Convert to OpenVINO IR

IR (Intermediate Representation) is OpenVINO own format consisting of .xml and .bin files. Convert the model into OpenVINO IR for better performance.

Convert Models

Here are code examples of how to use these methods with different model formats:

  • The convert_model() method:

    This is the only method applicable to PyTorch models.

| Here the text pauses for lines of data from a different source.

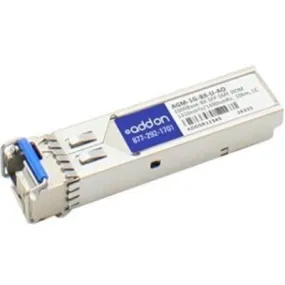 Add-on-computer Peripherals, L Addon Netgear Compatible Taa Compliant 1000base-bx Sfp Transceiver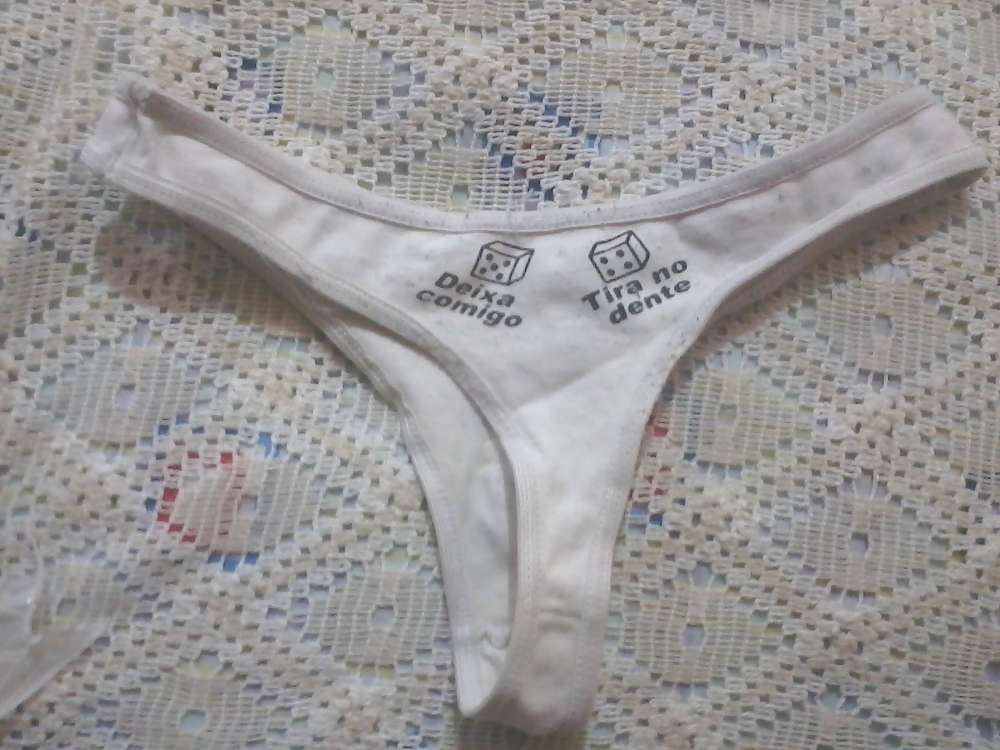 Panties of my mother in law! #18616397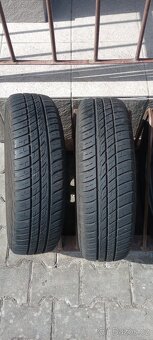 Letní pneu s diskem 165x70 R13 - 3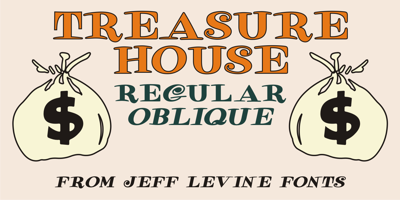 Treasure House JNL Free Download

    List of supported formats:
    • Python objects:

      • torch.nn.Module

      • torch.jit.ScriptModule

      • torch.jit.ScriptFunction

    model = torchvision.models.resnet50(weights='DEFAULT')
    ov_model = convert_model(model)
    compiled_model = core.compile_model(ov_model, "AUTO")
    

    For more details on conversion, refer to the guide and an example tutorial on this topic.

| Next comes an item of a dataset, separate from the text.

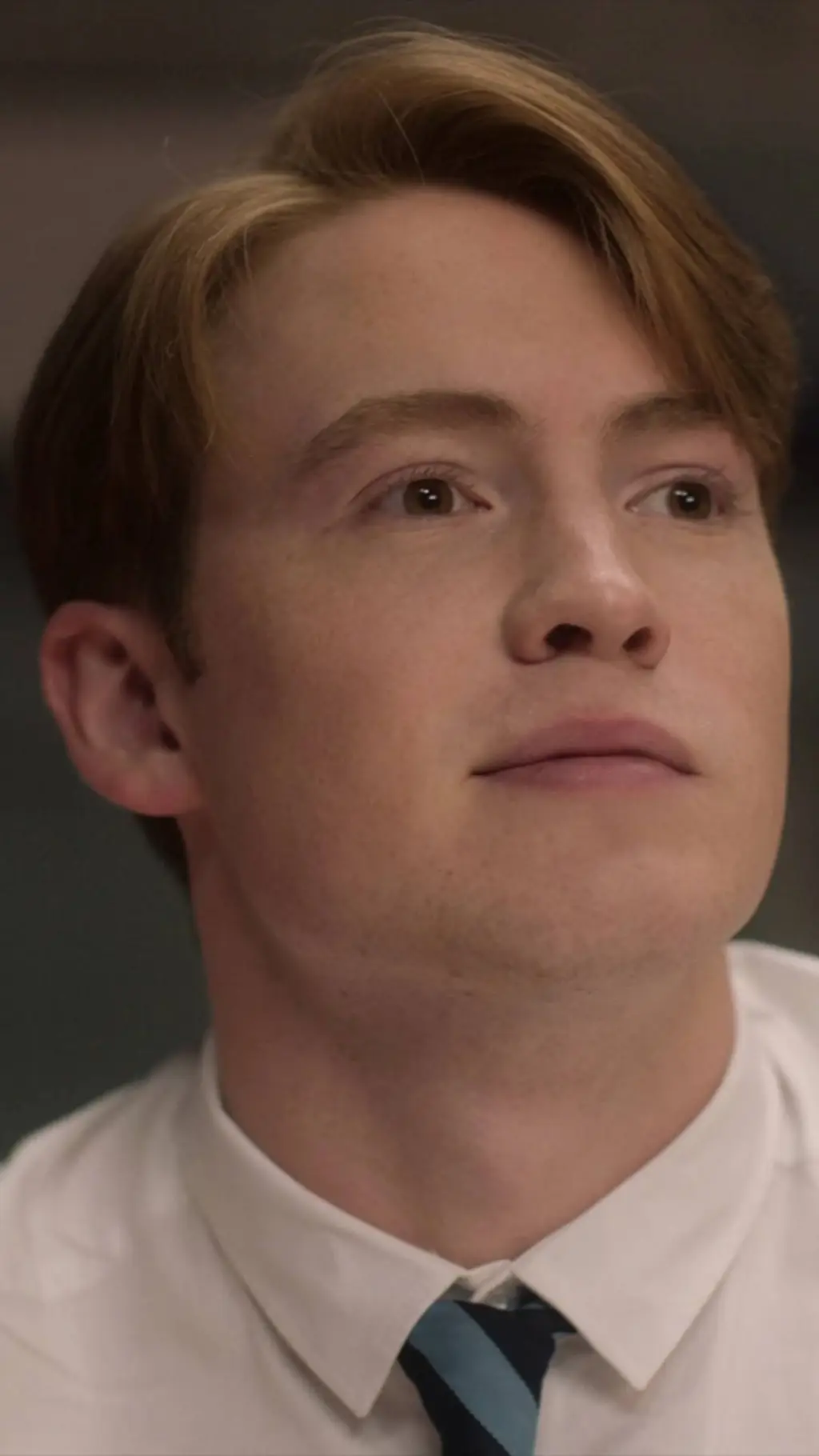 ai character: Nick Nelson background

  • The convert_model() method:

    When you use the convert_model() method, you have more control and you can specify additional adjustments for ov.Model. The read_model() and compile_model() methods are easier to use, however, they do not have such capabilities. With ov.Model you can choose to optimize, compile and run inference on it or serialize it into a file for subsequent use.

    List of supported formats:
    • Files:

      • SavedModel - <SAVED_MODEL_DIRECTORY> or <INPUT_MODEL>.pb

      • Checkpoint - <INFERENCE_GRAPH>.pb or <INFERENCE_GRAPH>.pbtxt

      • MetaGraph - <INPUT_META_GRAPH>.meta

    • Python objects:

      • tf.keras.Model

      • tf.keras.layers.Layer

      • tf.Module

      • tf.compat.v1.Graph

      • tf.compat.v1.GraphDef

      • tf.function

      • tf.compat.v1.session

      • tf.train.checkpoint

    ov_model = convert_model("saved_model.pb")
    compiled_model = core.compile_model(ov_model, "AUTO")
    

    For more details on conversion, refer to the guide and an example tutorial on this topic.

  • The read_model() and compile_model() methods:

    List of supported formats:
    • Files:

      • SavedModel - <SAVED_MODEL_DIRECTORY> or <INPUT_MODEL>.pb

      • Checkpoint - <INFERENCE_GRAPH>.pb or <INFERENCE_GRAPH>.pbtxt

      • MetaGraph - <INPUT_META_GRAPH>.meta

    ov_model = read_model("saved_model.pb")
    compiled_model = core.compile_model(ov_model, "AUTO")
    

    For a guide on how to run inference, see how to Integrate OpenVINO™ with Your Application. For TensorFlow format, see TensorFlow Frontend Capabilities and Limitations.

  • The compile_model() method:

    List of supported formats:
    • Files:

      • SavedModel - <SAVED_MODEL_DIRECTORY> or <INPUT_MODEL>.pb

      • Checkpoint - <INFERENCE_GRAPH>.pb or <INFERENCE_GRAPH>.pbtxt

      • MetaGraph - <INPUT_META_GRAPH>.meta

    ov::CompiledModel compiled_model = core.compile_model("saved_model.pb", "AUTO");
    

    For a guide on how to run inference, see how to Integrate OpenVINO™ with Your Application.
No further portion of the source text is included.